= Gheorghe Pogea =

Romanian engineer and politician

Gheorghe Pogea (born 21 December 1955) is a Romanian engineer and politician. A member of the Democratic Liberal Party (PDL), in the Călin Popescu-Tăriceanu cabinet he was Minister of State Co-ordinating the Economic Domain from August 2005 to June 2006, and in the Emil Boc cabinet, he was Minister of Finance from 2008 to 2009, also serving as interim Minister of Labour in 2009.
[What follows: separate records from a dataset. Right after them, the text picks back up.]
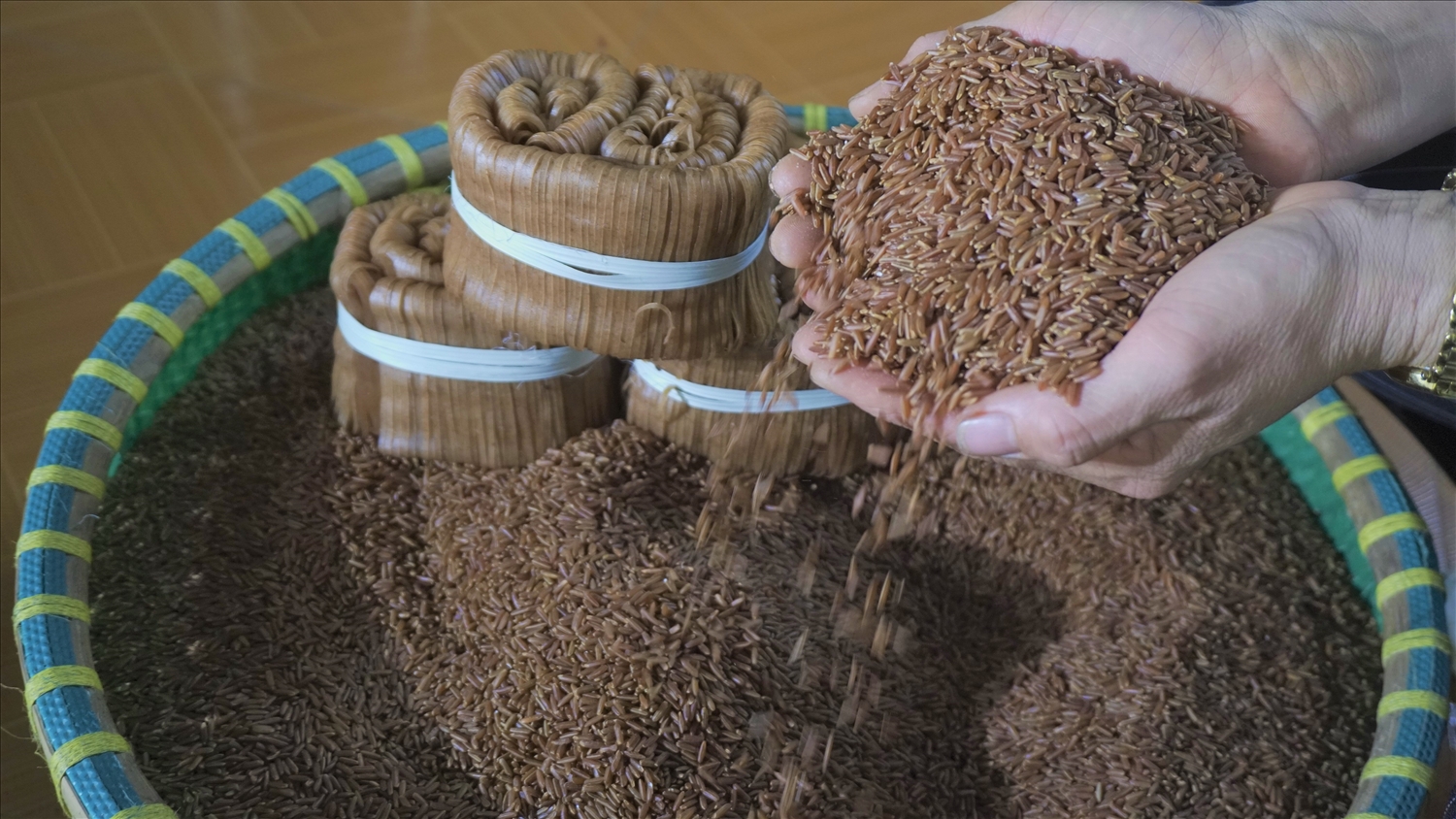 Gạo lứt được nghiền nhỏ sau đó trộn cùng bột gạo bao thai hồng để làm mỳ gạo lứt.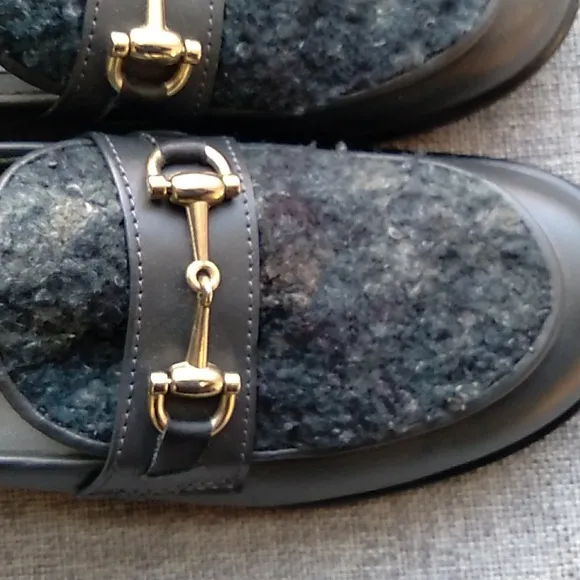 Geppetto's charcoal grey loafers with hunter green fur eu size 32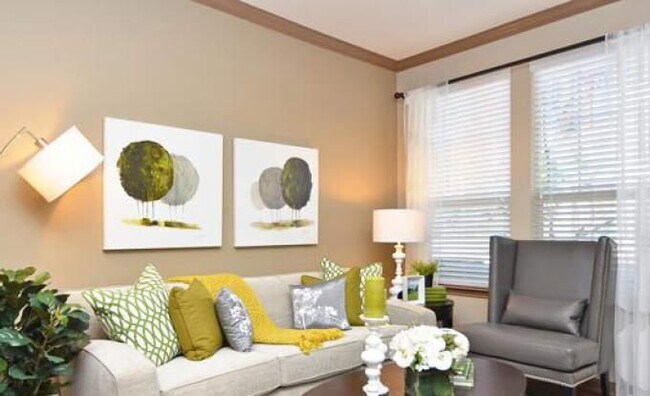 2500 S Millbend Dr in The Woodlands, TX - Building Photo - Building Photo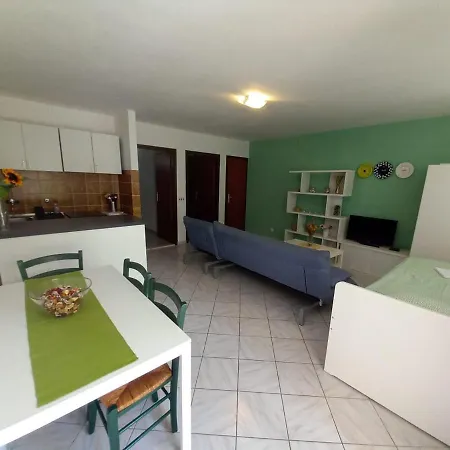 L&m * Rogoznica (Sibenik-Knin)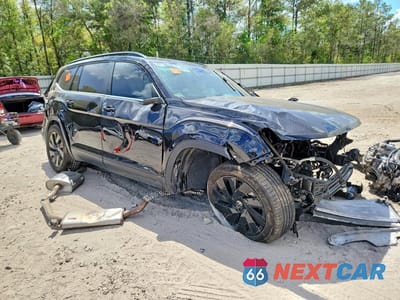 Czwarte zdjęcie samochodu z boku: 2025 VOLKSWAGEN ATLAS SE VIN:1V2JR2CA1SC518340 - miniatura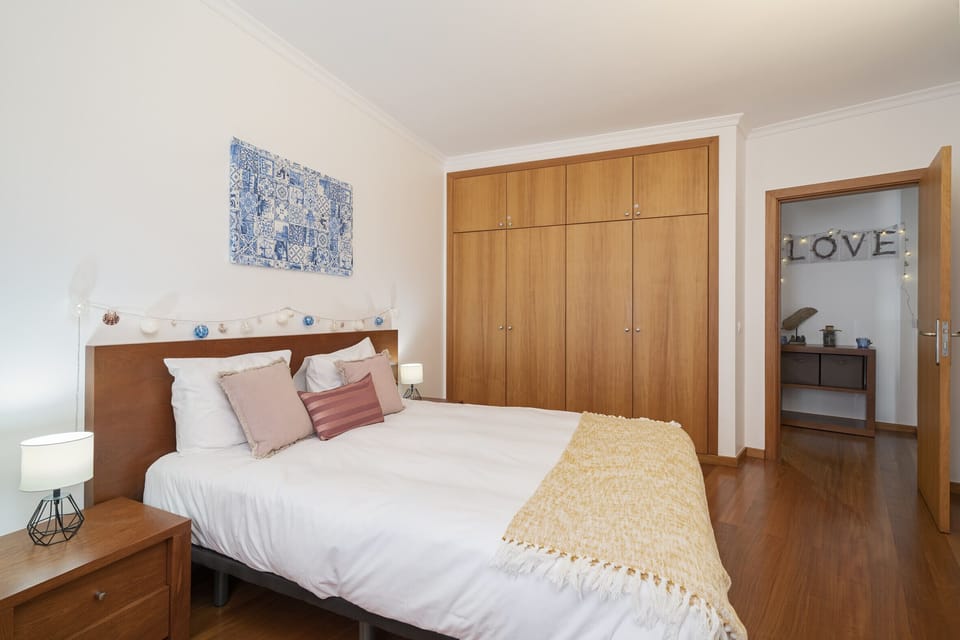 Bedroom with a queen size bed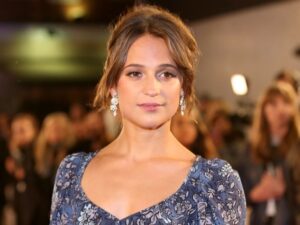 Alicia Vikander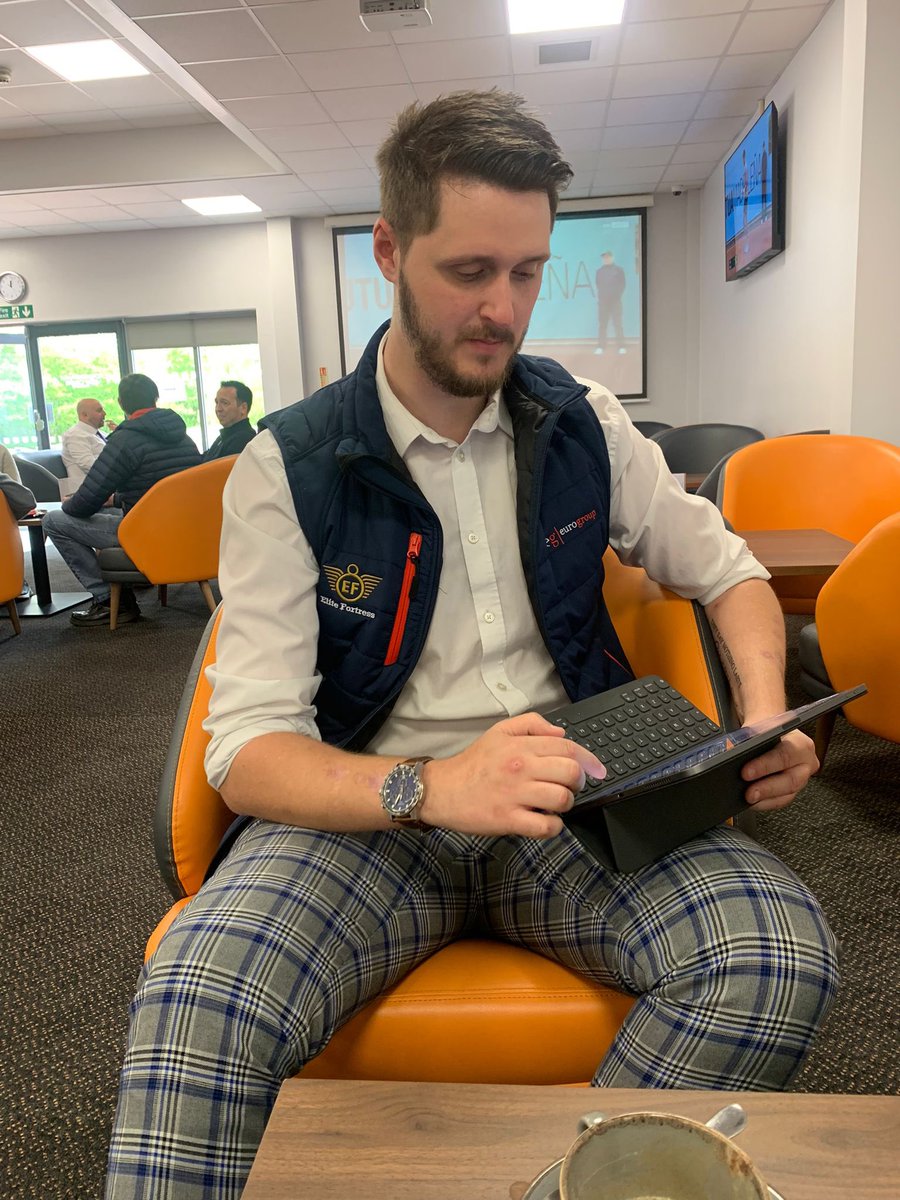 Brandon carrying out our @FortressElite survey for a client……we’ve told him Ronnie Corbet wants his trousers back 👖 DM for quotes or email darren@elitefortress.co.uk #relocation #moving #removals #bespoke #private #discreet #storage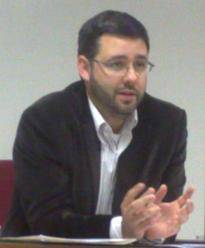 por  André Karam Trindade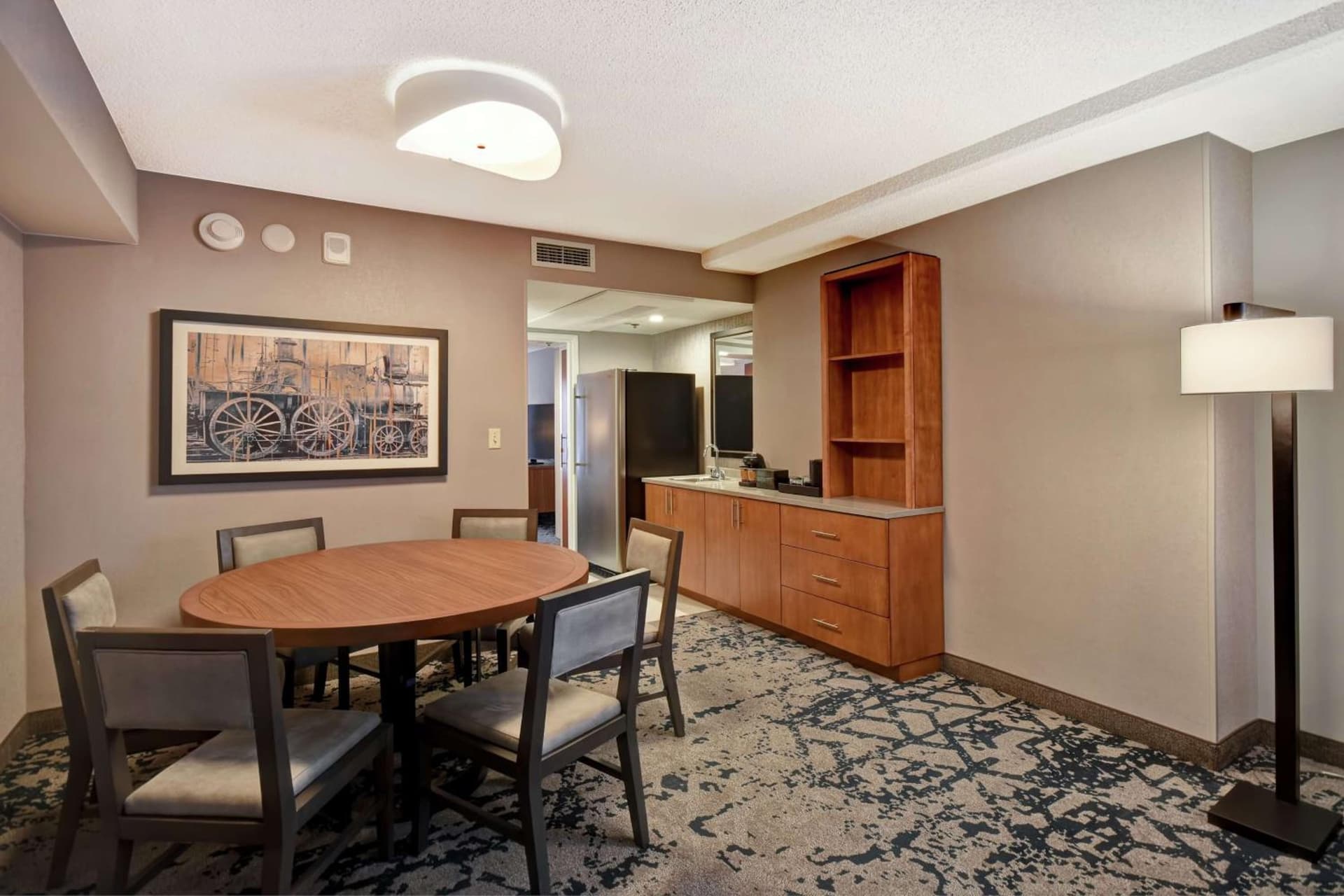 Embassy Suites by Hilton Omaha Downtown Old Market gallery photo in Omaha, NE — image 43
He is married and has two children.

==Biography==

In 1981, Pogea graduated from the Materials Science and Engineering Faculty of the Polytechnic Institute of Bucharest. He also holds a doctorate in the same field. After graduation, he was sent to work at Siderurgica Hunedoara, a steel foundry. In 1989, the ruling Romanian Communist Party (PCR) sent him to the Timișoara party school; after finishing second in his class that October, he was named secretary for economic affairs in Hunedoara. During that December's revolution, the insurgents who entered his office were surprised to find only stacks of paper inside, instead of luxury goods, and a number of individuals anonymously stated that he was the only PCR activist to help them out during those days. However, factory employees recalled he was on the premises at the time, urging employees to "stop this nonsense about a Revolution". Following the revolution, he continued working at the foundry, remaining until 1991 as a section chief, which he had been since 1981; then from 1992 to 1993 as adviser to the director; and afterwards as chief of technical services. From 1997 to 2001, when he was replaced, Pogea directed the foundry, where he acquired a reputation for insisting on total control, and where he conducted a restructuring that saw several thousand people leave the firm. He has also directed two Simeria marble producers: Marmosim from 2001 to 2004 and Titan Mar from 2006 to 2008; both of these are largely owned by Adriean Videanu.

In October 2000, Pogea entered the Democratic Party (PD; later evolved into the PD-L), the first party he entered after 1989. He ran for a Senate seat in the election the following month, but barely lost. In 2000, he was elected head of the Hunedoara chapter of the PD; soon after, he won the chairmanship of the Hunedoara County chapter, heading it from 2000 to 2006. He was also county councillor there for several months. In 2004, he co-authored the electoral manifesto of the Justice and Truth Alliance, which won the November elections. He was also strategy coordinator for the new PDL, and co-authored its programme for the 2008 election. Between 2005 and 2006, he served in the Tăriceanu cabinet, until being compelled to resign by party leader Boc and President Traian Băsescu, partly as a means of putting pressure on Tăriceanu's PNL. He was then offered the position of Bucharest city manager, but declined, returning instead to the marble business. He became Finance Minister when the Boc executive came into office following the 2008 election. The beginning of his term coincided with the onset of the 2008 financial crisis in Romania, leading him to vow a rewrite of the state budget with up to 15% cuts in salaries for government employees, and to warn that Romania's GDP could fall by 6.5% in 2009. He also promised a complete rewrite of the fiscal code, aiming to make it simpler and more transparent, and reduce the number of taxes on businesses and individuals. In October 2009, he became interim Labour Minister following the resignation of his PSD cabinet colleagues, including Marian Sârbu, the previous occupant of that ministry, holding the portfolio until December. His ministerial term ended when he was not reappointed to a new cabinet under Boc at the end of 2009. In August 2013, he was named director of CrisTim, a producer of cold meats.